Extracted material
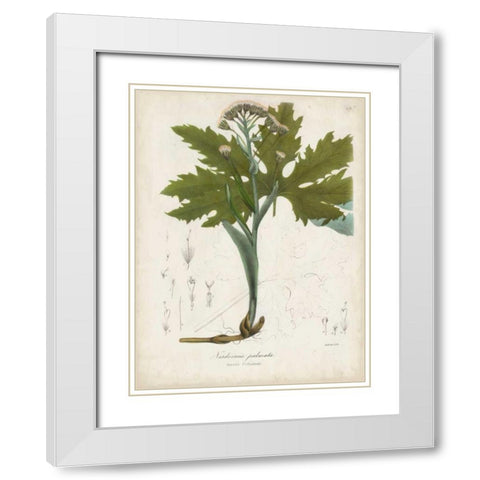 Flowering Flora III White Modern Wood Framed Art Print with Double Matting by Torrey, John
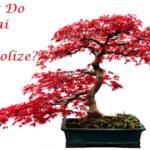 what do bonsai trees symbolize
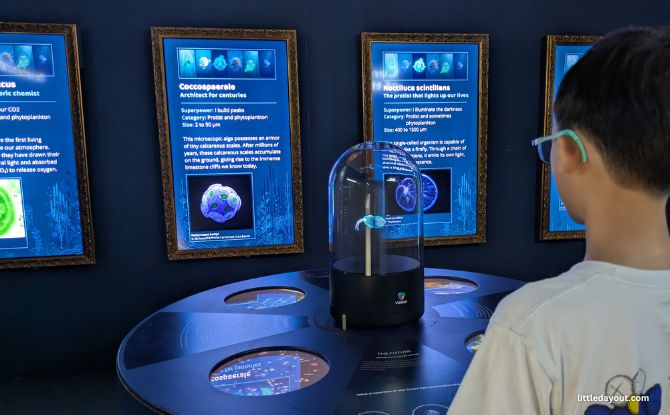 ONE Ocean: Every Action Ripples At Science Centre Singapore From 30 May 2026 to 3 January 2027 5 Microscopic Life: The Superheroes of the Ocean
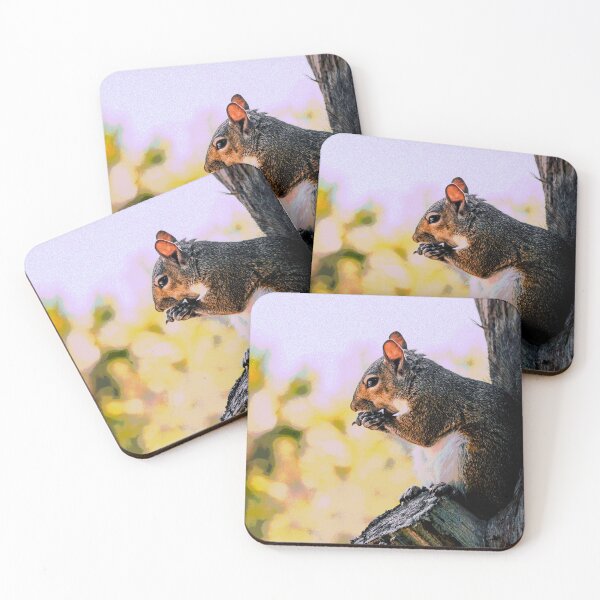 Item preview, Squirrel #3 designed and sold by KingdomWildlife.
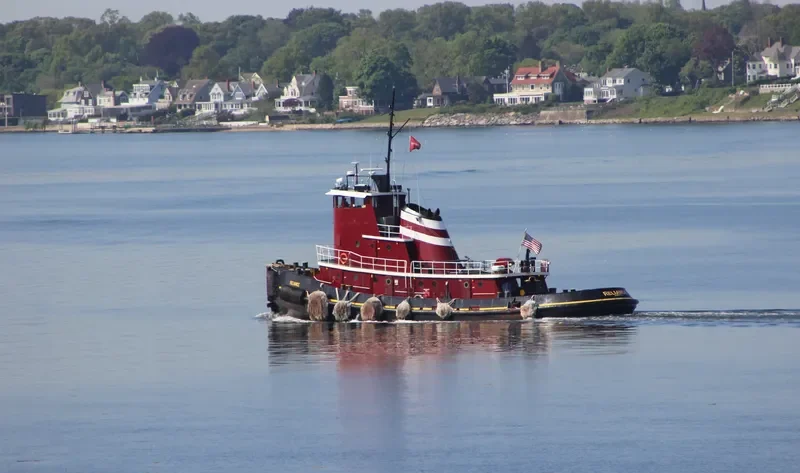 RELIANCE Tug Boat IMO 7367407 photo 2
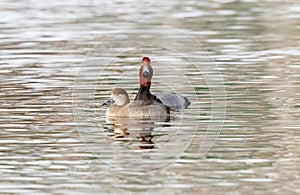 A Redhead duck courting a female during breeding season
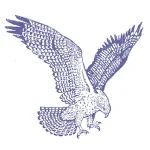 Allegheny-Clarion Valley School District Logo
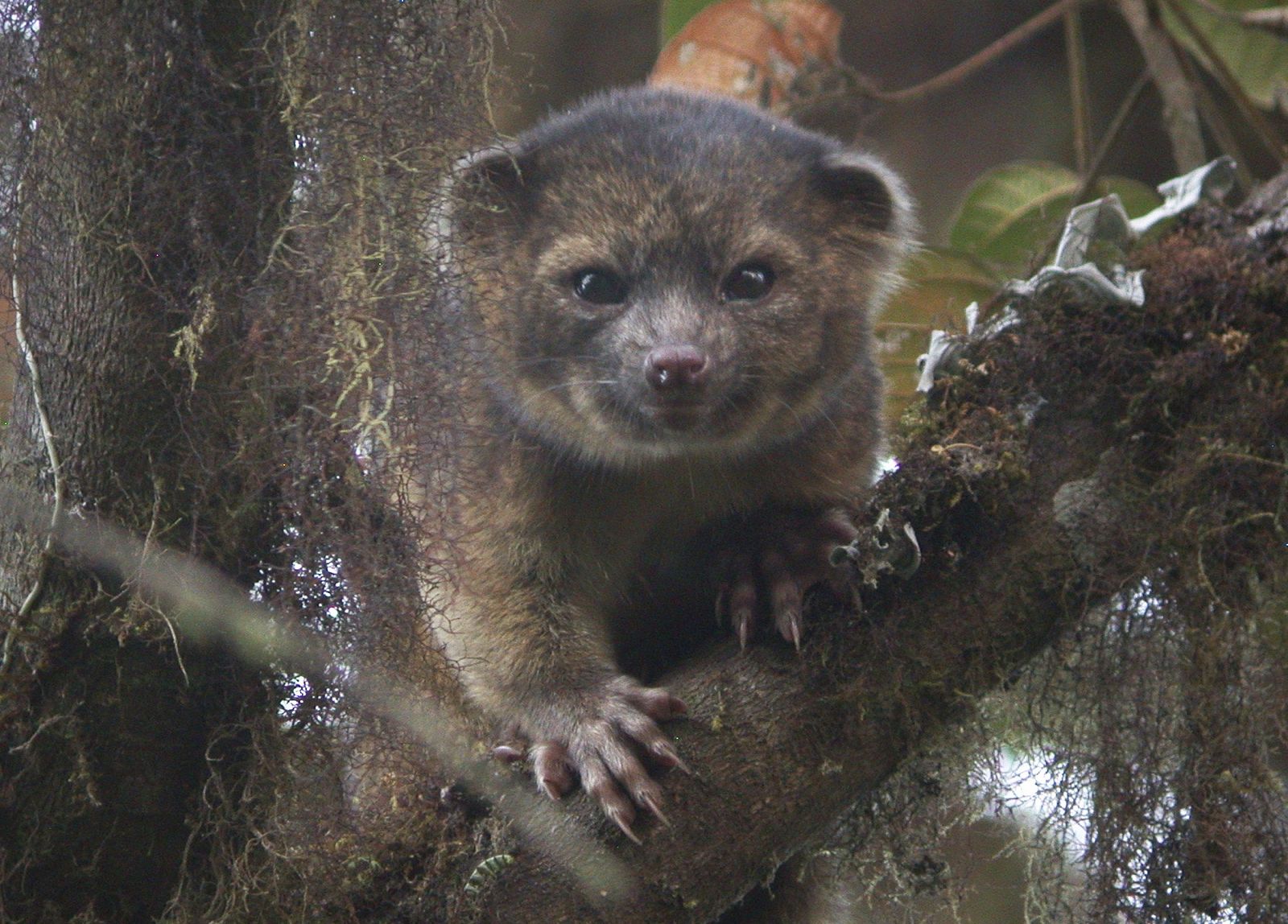 El olinguito es la primera especie de carnívoro descubierta en América en los últimos treinta y cinco años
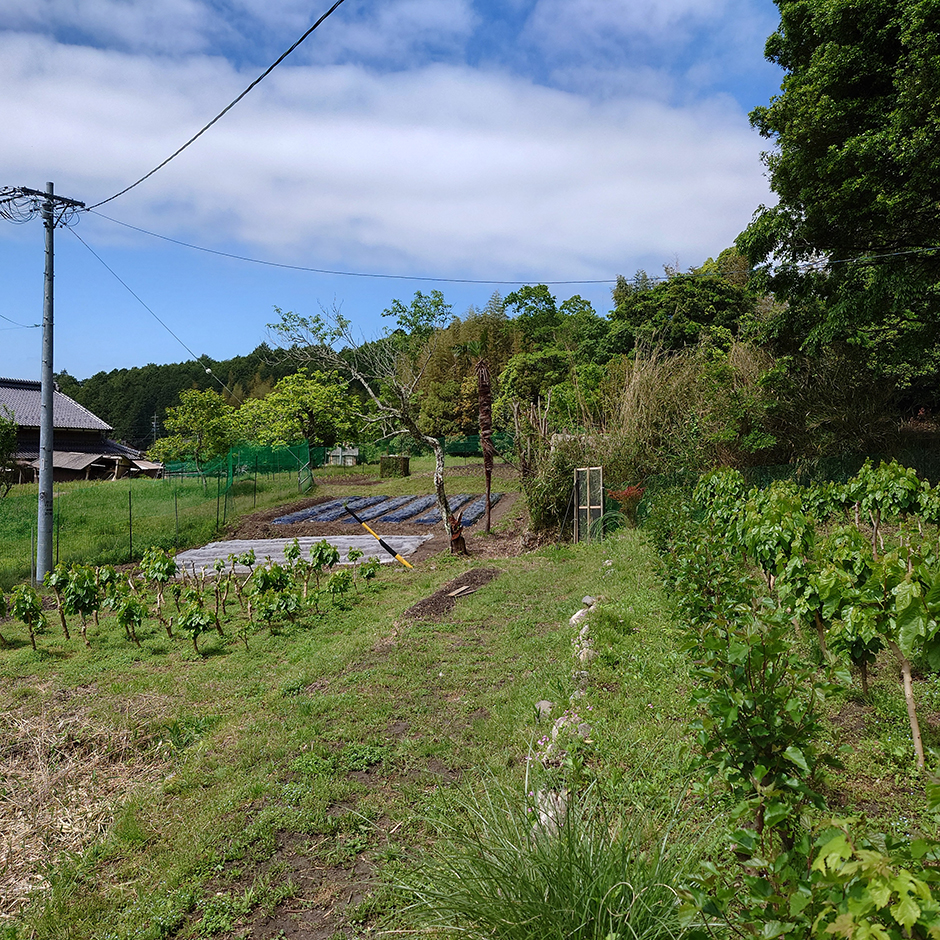 栽培絵日記／24年5月14日（火）晴【亜麻、その他】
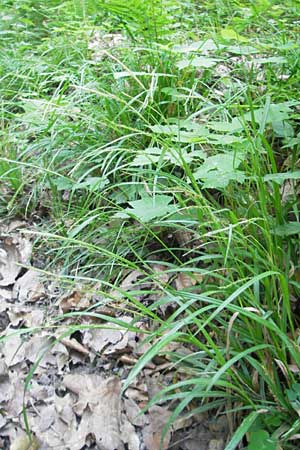 Carex strigosa / Thin-Spiked Wood Sedge, D Bruchsal 13.5.2011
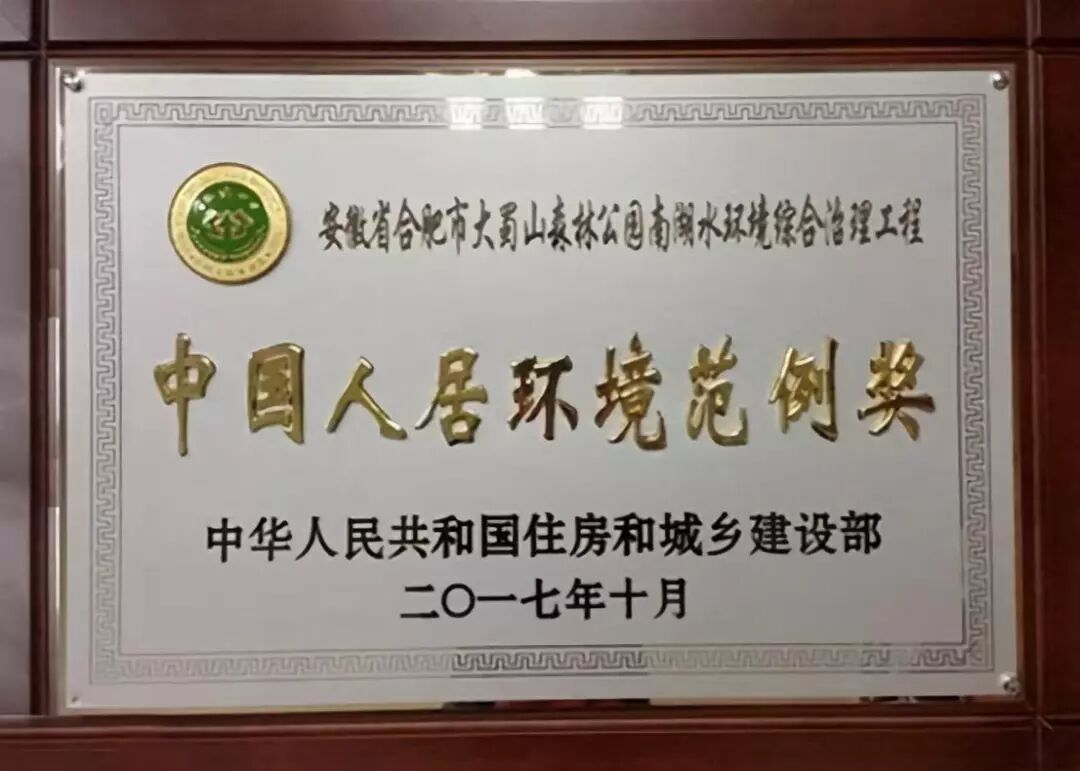 国际湿地城市认证提名考察组来我司合肥项目考察(图6)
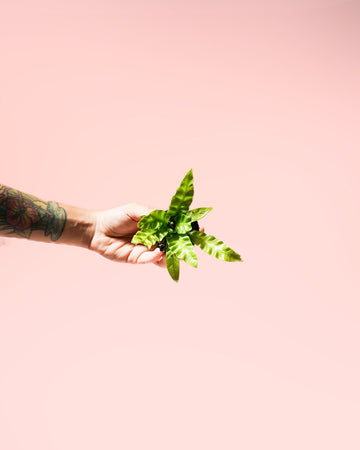 Feto Asplenium Crispy Wave Mini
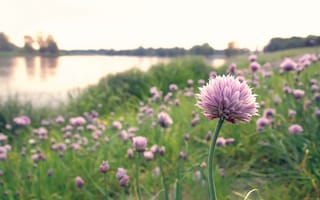 Картинка цветы, природа, поляна, шапки, озеро, розовые, лук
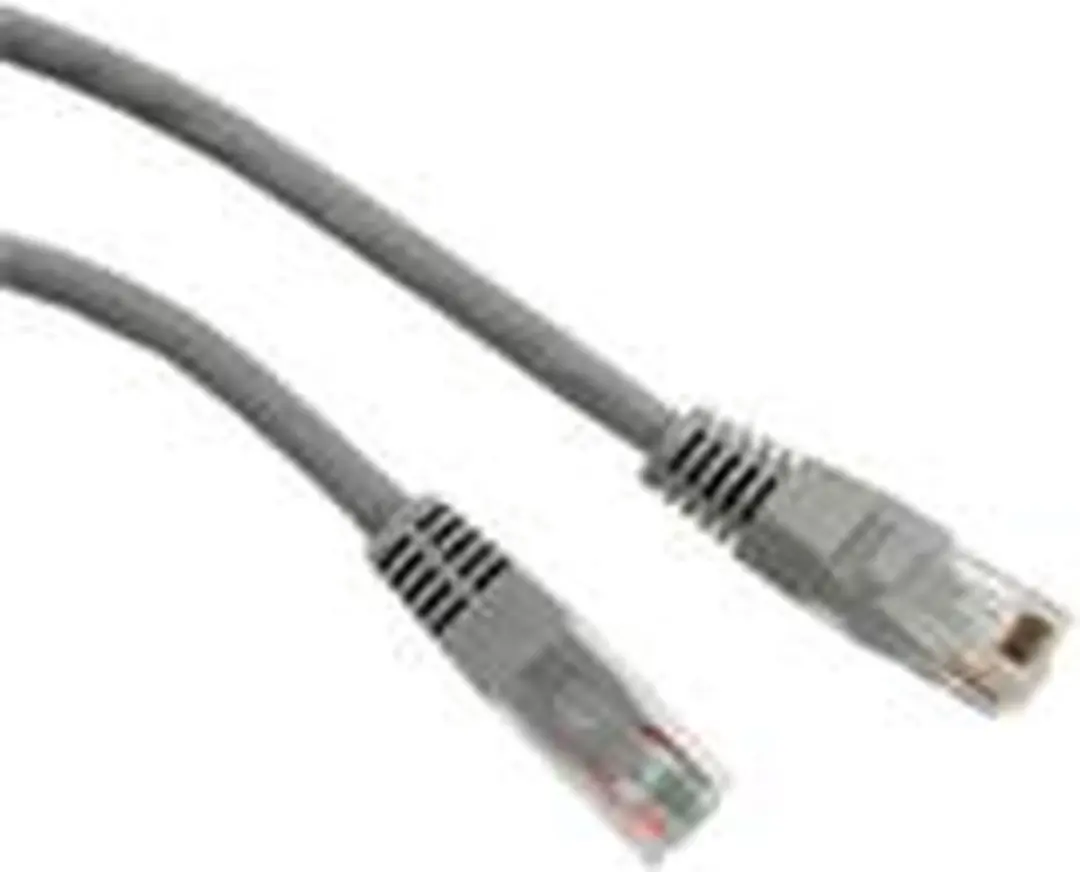 Ewent IM6002 Netwerkkabel Cat5e U/UTP 2m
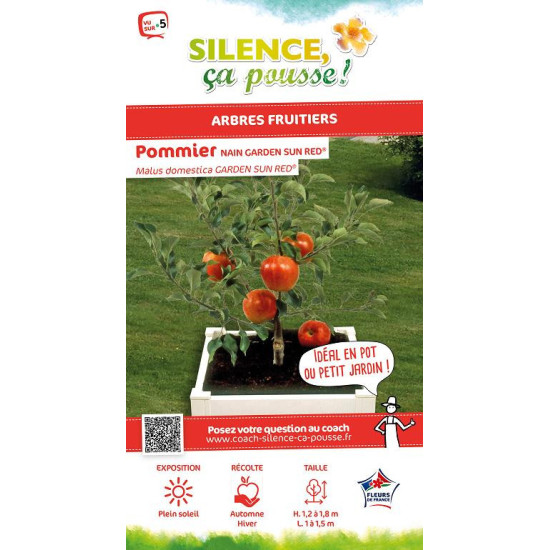 Pommier nain GARDEN SUN RED 100cm de Plantes Silence ça pousse dans ZZ hortival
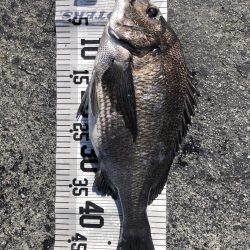 イチノ兄弟（兄）釣果！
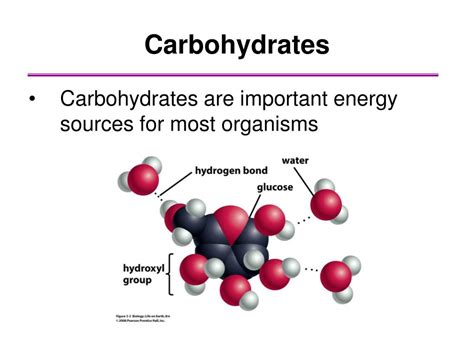 PPT - Molecules of Life – Biomolecules PowerPoint Presentation, free download - ID:2143076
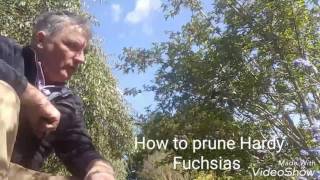 How to prune Hardy Fuchsias [upl. by Ihcas356]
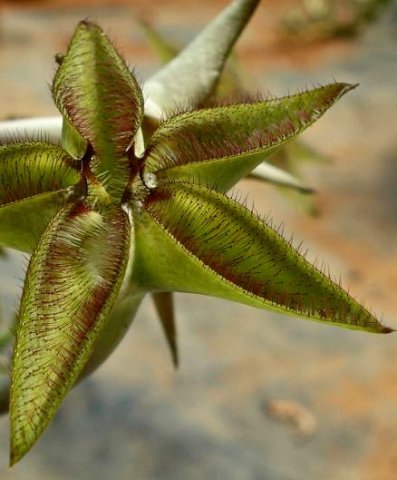Ceropegia cimiciodora smelling of bedbugs
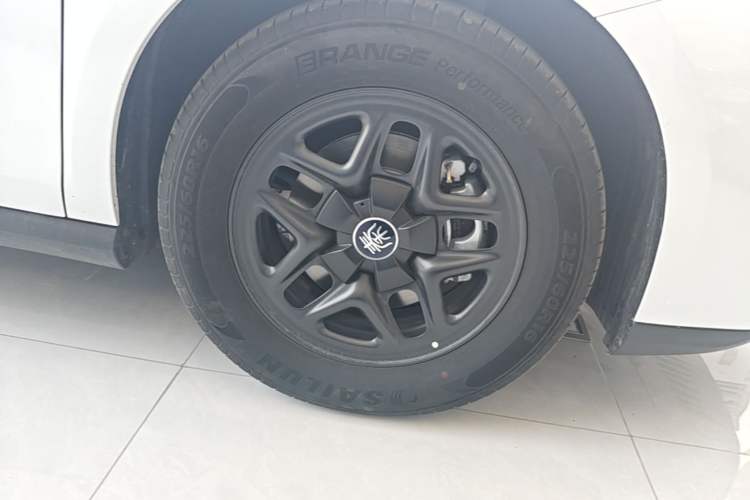 Used BYD Qin PLUS 2025 DM-i Smart Drive 55KM Leading Model
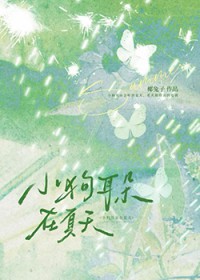 小狗耳朵在夏天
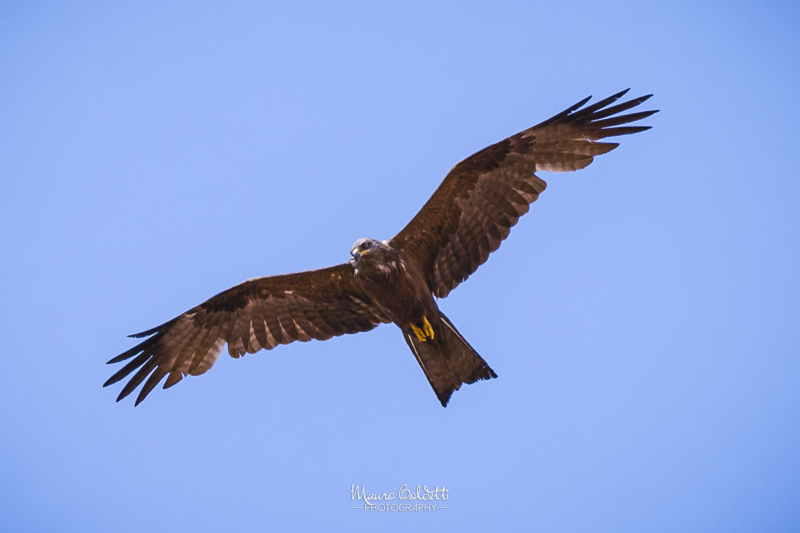 Wildlife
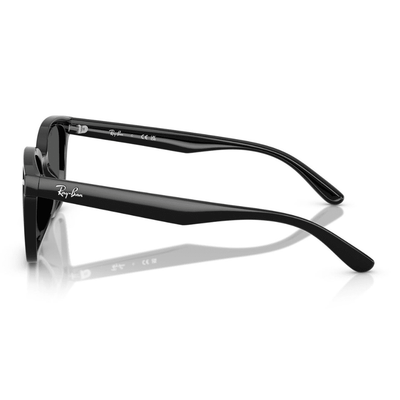Ray-Ban RB4461D 601/87 64 Black/Dark Grey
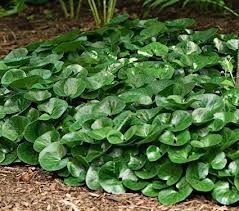wild ginger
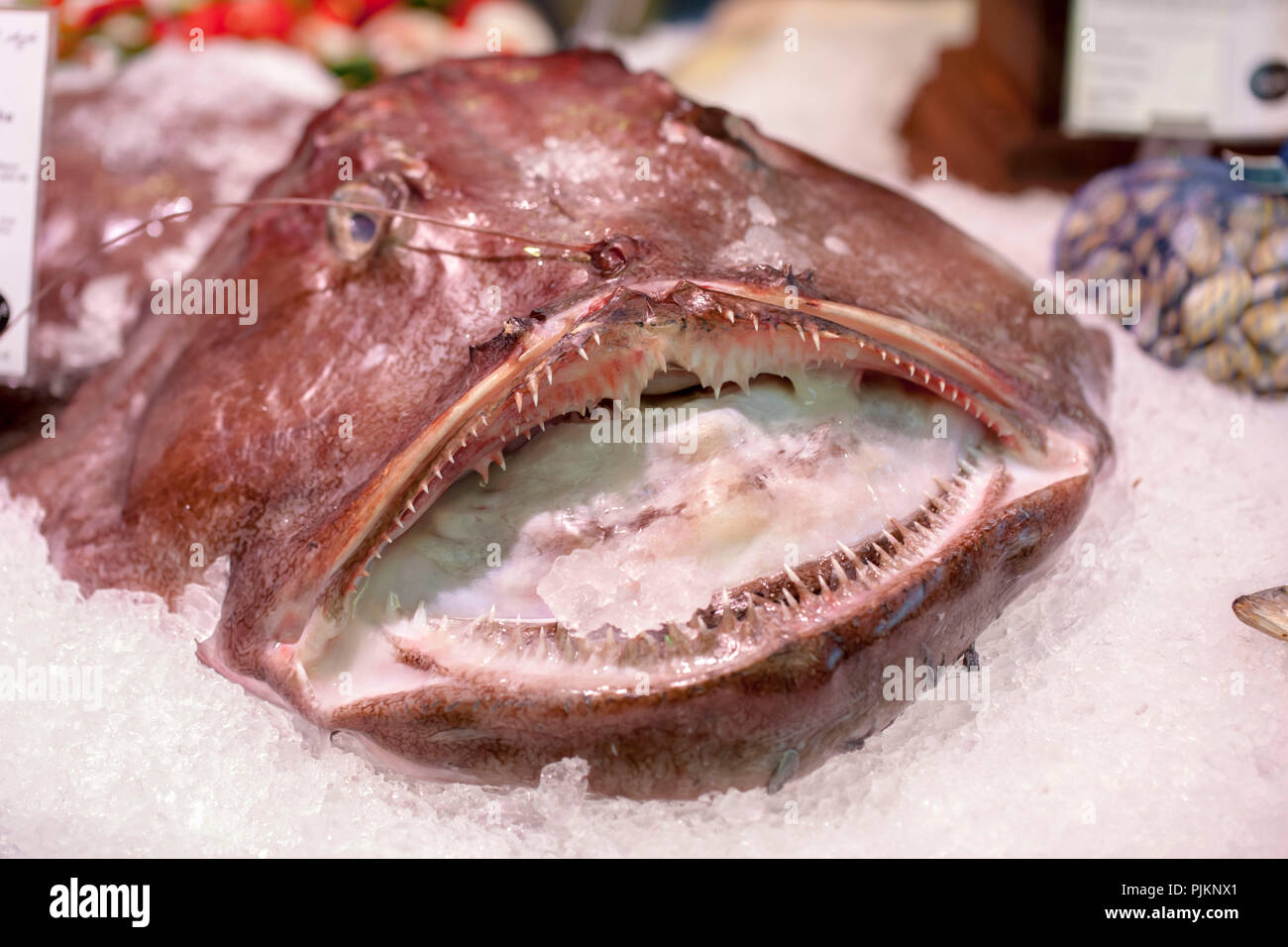 La Lotte Banque D Image Et Photos Alamy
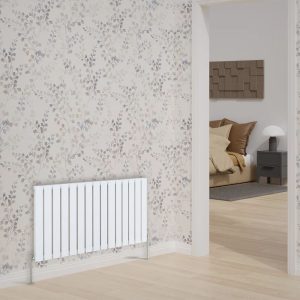 Belfry Heating Brunson Horizontal Double Flat Panel Radiators 600x1020mm white 60.0 H x 102.0 W x 5.2 D cm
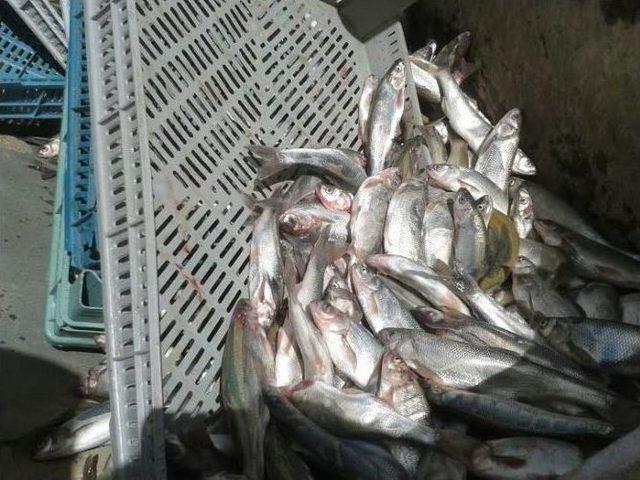 Van’da 8 Ton 580 Kilogram Kaçak Balık Ele Geçirildi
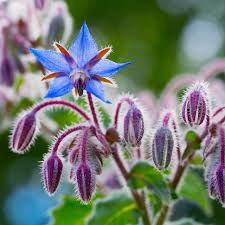 Borago Officinalis Flower Seeds for Planting – Vibrant Colors, Heirloom &amp; Non-GMO Seeds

Instructions for the task
Precisely the lines from the one containing "what do bonsai trees symbolize" to the end of the data above, both included, should be printed; leave the pictures out.

Problem solution
 what do bonsai trees symbolize
 ONE Ocean: Every Action Ripples At Science Centre Singapore From 30 May 2026 to 3 January 2027 5 Microscopic Life: The Superheroes of the Ocean
 Item preview, Squirrel #3 designed and sold by KingdomWildlife.
 RELIANCE Tug Boat IMO 7367407 photo 2
 A Redhead duck courting a female during breeding season
 Allegheny-Clarion Valley School District Logo
 El olinguito es la primera especie de carnívoro descubierta en América en los últimos treinta y cinco años
 栽培絵日記／24年5月14日（火）晴【亜麻、その他】
 Carex strigosa / Thin-Spiked Wood Sedge, D Bruchsal 13.5.2011
 国际湿地城市认证提名考察组来我司合肥项目考察(图6)
 Feto Asplenium Crispy Wave Mini
 Картинка цветы, природа, поляна, шапки, озеро, розовые, лук
 Ewent IM6002 Netwerkkabel Cat5e U/UTP 2m
 Pommier nain GARDEN SUN RED 100cm de Plantes Silence ça pousse dans ZZ hortival
 イチノ兄弟（兄）釣果！
 PPT - Molecules of Life – Biomolecules PowerPoint Presentation, free download - ID:2143076
 How to prune Hardy Fuchsias [upl. by Ihcas356]
Ceropegia cimiciodora smelling of bedbugs
 Used BYD Qin PLUS 2025 DM-i Smart Drive 55KM Leading Model
 小狗耳朵在夏天
 Wildlife
Ray-Ban RB4461D 601/87 64 Black/Dark Grey
wild ginger
 La Lotte Banque D Image Et Photos Alamy
 Belfry Heating Brunson Horizontal Double Flat Panel Radiators 600x1020mm white 60.0 H x 102.0 W x 5.2 D cm
 Van’da 8 Ton 580 Kilogram Kaçak Balık Ele Geçirildi
 Borago Officinalis Flower Seeds for Planting – Vibrant Colors, Heirloom &amp; Non-GMO Seeds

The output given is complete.